Manuel Malaver
Hubo un tiempo –no muy lejano- cuando la dictadura de Chávez y Maduro se vendió y fue comprada por los “progres” de todo el mundo como una “auténtica democracia”, porque, presuntamente, no pasaba un año sin convocar a elecciones nacionales, regionales y locales para que el pueblo eligiera a sus autoridades legítimas. Y no dudamos que fue un buen invento, uno que limpiaba a los neodictadores del “Socialismo del Siglo XXI” del pecado de los viejos, de los stalinistas y castristas, de nombrar “a dedo” a todas las autoridades, desde las máximas a las mínimas, de manera absoluta e incontrovertible, y sin que importaran opiniones sobre sus capacidades, cultura y honestidad. Solo se exigía un requisito: ser leal, devoto y adorador del Caudillo, Redentor o Comandante en Jefe, tal cual lo exigían a sus súbditos los monarcas absolutos de la Europa de los siglos XVI, XVII y XVIII y cuyo incumplimiento, duda o traición podían pagarse en ergástulas atroces o el patíbulo.

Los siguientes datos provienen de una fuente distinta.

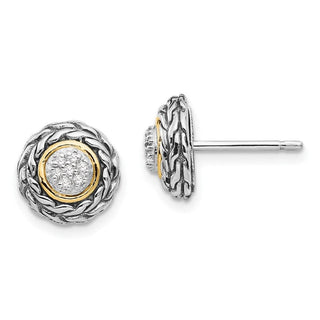 Sterling Silver w/14k Yellow Gold Diamond Earrings QTC654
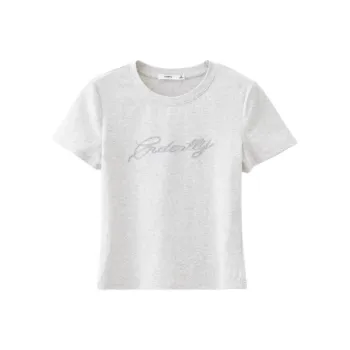 Three Blessings Regular T Shirt Women's Apricot Gray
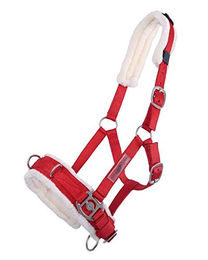 Produktbild von QHP Kappzaum mit Kunstfell-Polsterung und 3 Edelstahl D-Ringen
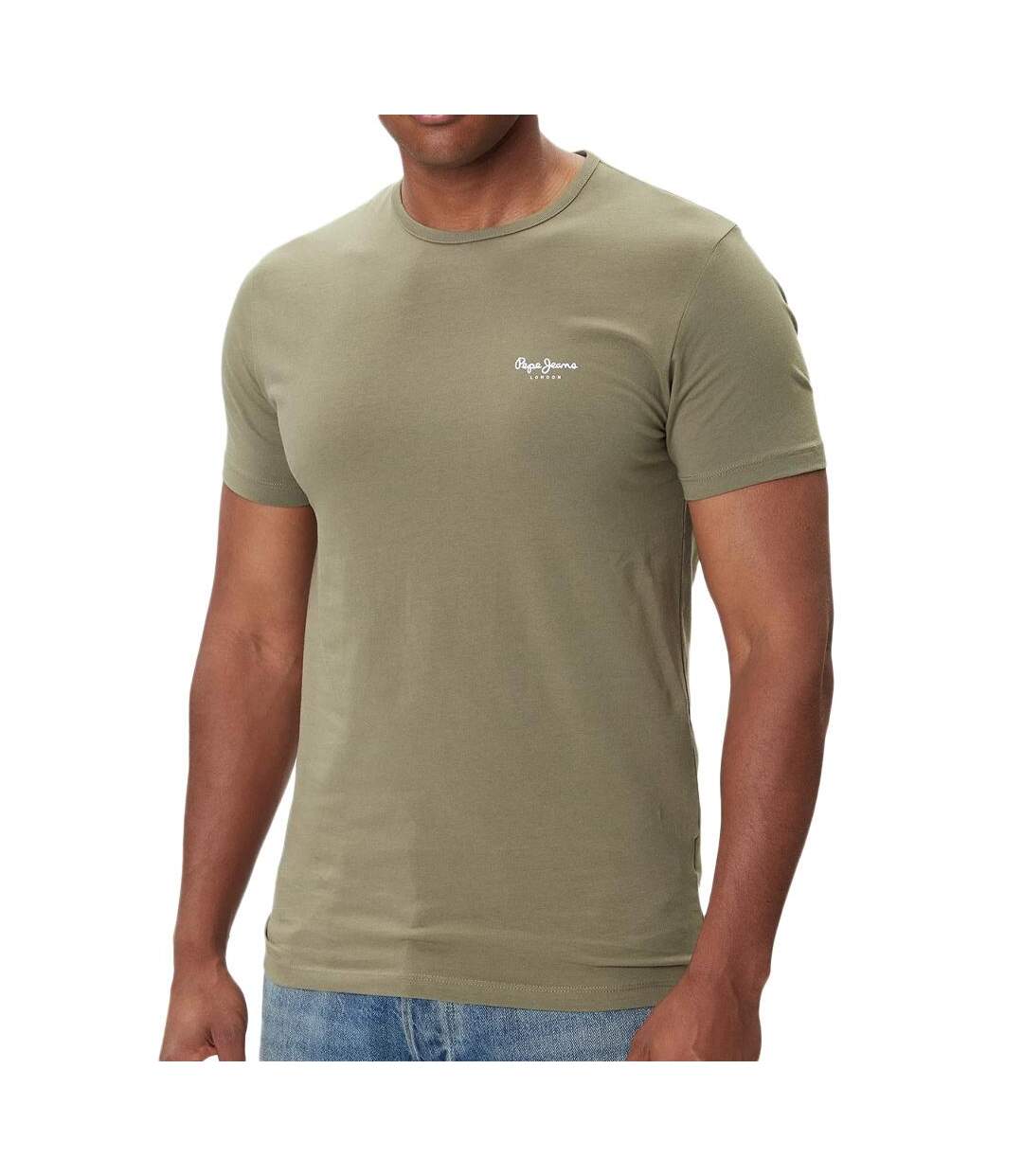 T-Shirt kaki foncé homme pepe jeans original basic-1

Anotemos que, más de la mitad de esta gigantesca suma, fue direccionada para destruir lo que quedaba de la democracia venezolana y que, un plan diabólico, del peor Napoleón III, o del más ruin Idi Amín Dadá, fue implementado para que los neodictadores, no solo cumplieran su nefasto propósito, sino con el apoyo del pueblo, de las masas. Al efecto, se estructuró un perverso sistema electoral, el que preside el CNE, automatizado y electrónico, basado en la interferencia del voto y la identificación de los votantes que, al perder la ventaja del secreto, pasaron a ser amenazados con la pérdida de empleos y la cárcel sino sufragaba por los candidatos del Estado Protector y su Caudillo.